__TASK__: Output exactly, and only, the lines below from the one with "casa indipendente in vendita ad Alatri" down to the one with "Toyota Land Cruiser Prado 2004 Silver". Include both end lines and no pictures.

__SOURCE DATA__:
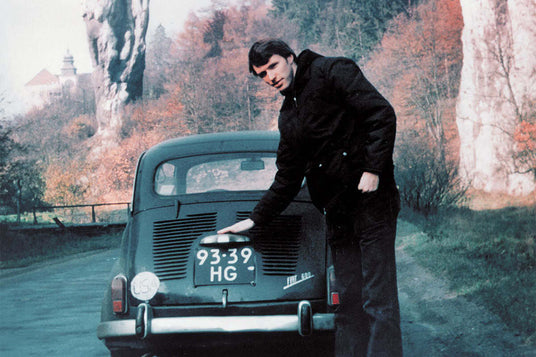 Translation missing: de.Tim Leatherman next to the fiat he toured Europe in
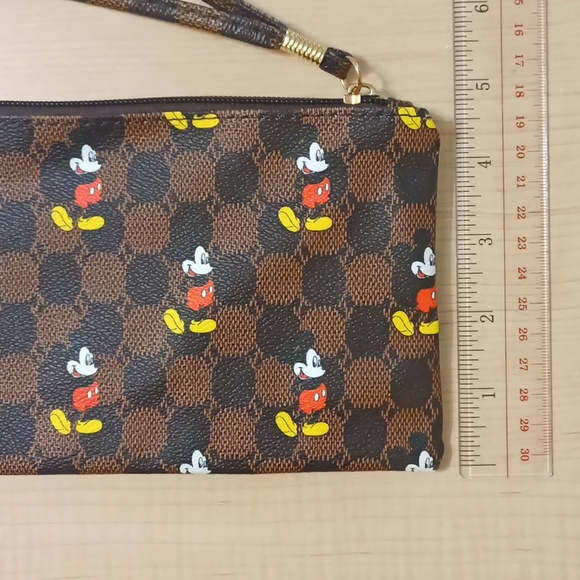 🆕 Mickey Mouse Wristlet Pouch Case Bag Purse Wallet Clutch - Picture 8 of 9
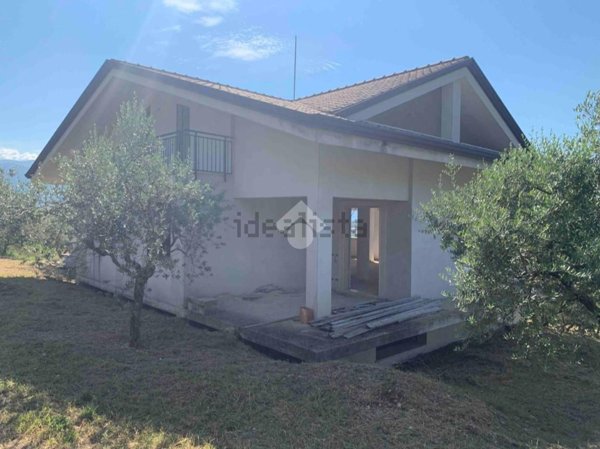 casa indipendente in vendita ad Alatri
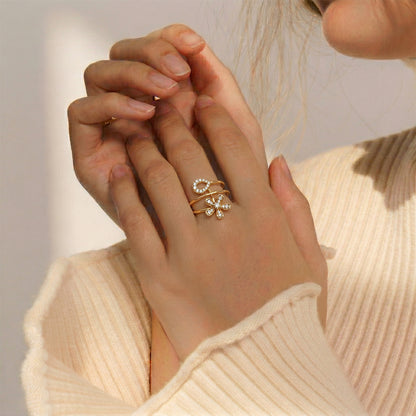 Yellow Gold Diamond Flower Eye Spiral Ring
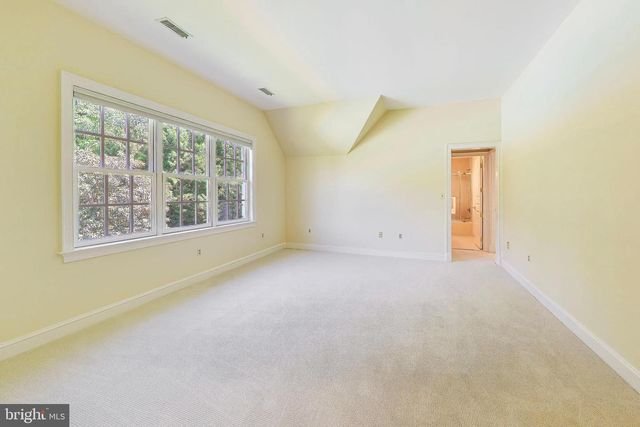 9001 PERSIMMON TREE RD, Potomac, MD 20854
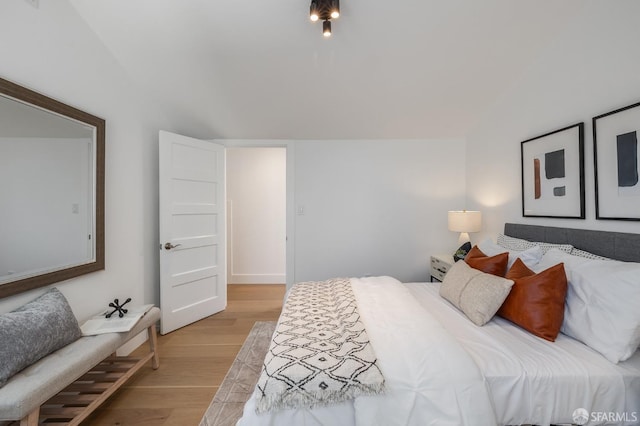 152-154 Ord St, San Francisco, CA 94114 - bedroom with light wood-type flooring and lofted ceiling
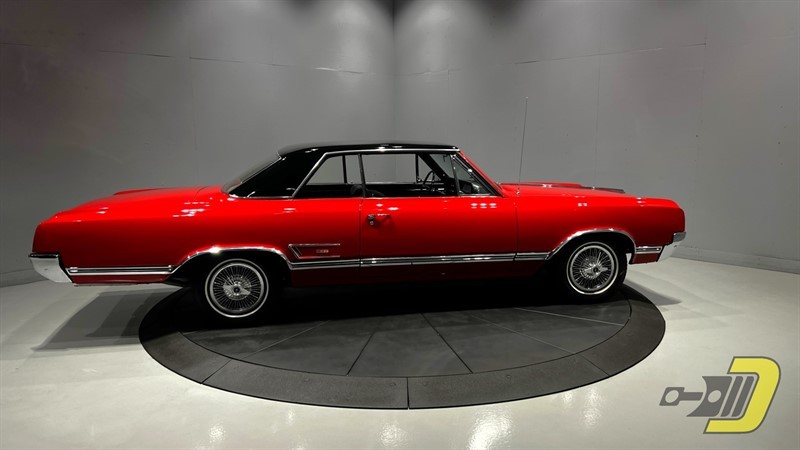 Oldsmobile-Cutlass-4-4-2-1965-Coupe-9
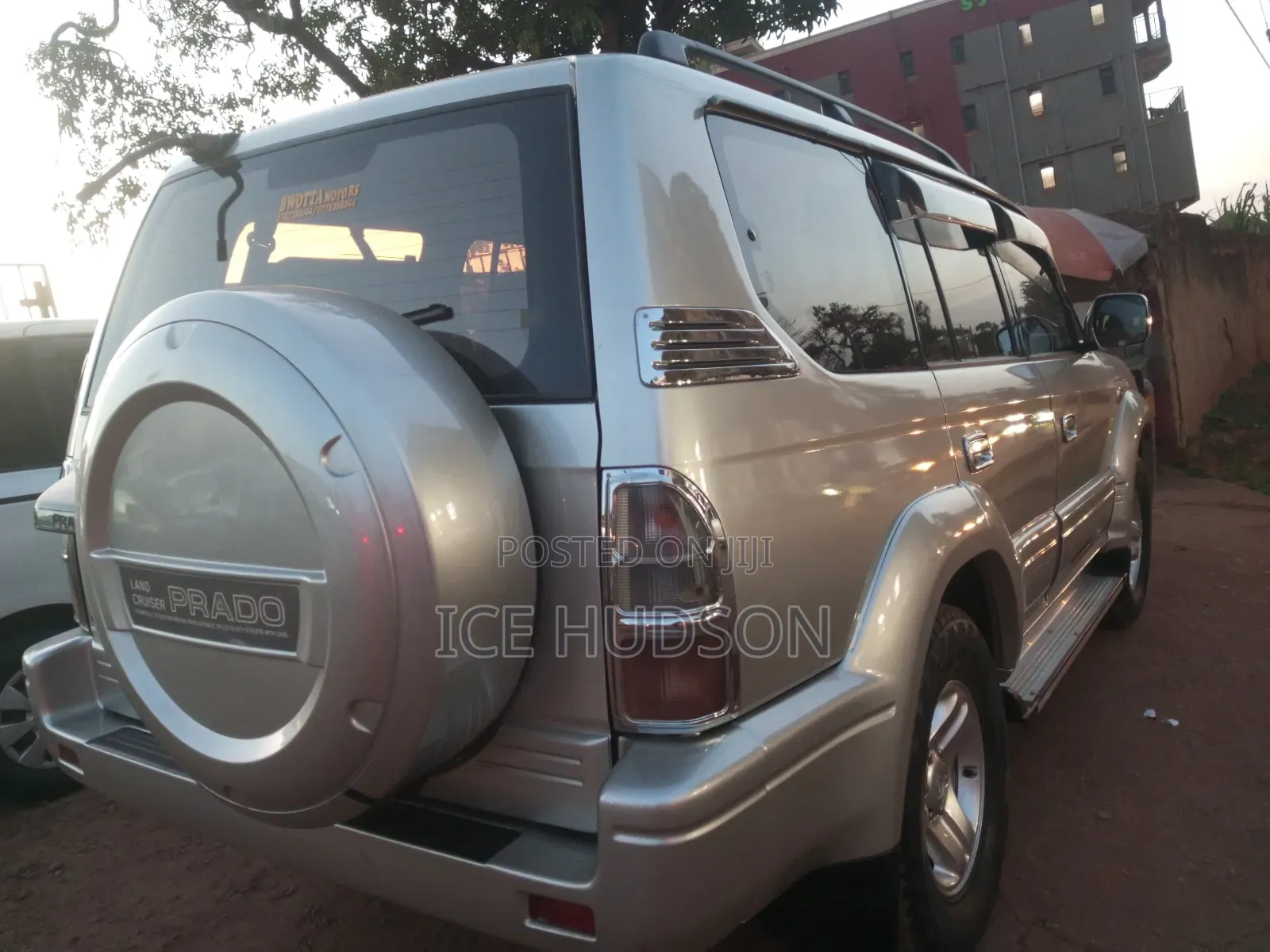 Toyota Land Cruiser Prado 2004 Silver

---

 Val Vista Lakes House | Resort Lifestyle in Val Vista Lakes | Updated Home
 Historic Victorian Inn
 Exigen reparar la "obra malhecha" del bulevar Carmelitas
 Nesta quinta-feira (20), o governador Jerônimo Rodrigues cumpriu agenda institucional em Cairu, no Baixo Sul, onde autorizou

__TASK RESPONSE__:
 casa indipendente in vendita ad Alatri
 Yellow Gold Diamond Flower Eye Spiral Ring
 9001 PERSIMMON TREE RD, Potomac, MD 20854
 152-154 Ord St, San Francisco, CA 94114 - bedroom with light wood-type flooring and lofted ceiling
 Oldsmobile-Cutlass-4-4-2-1965-Coupe-9
 Toyota Land Cruiser Prado 2004 Silver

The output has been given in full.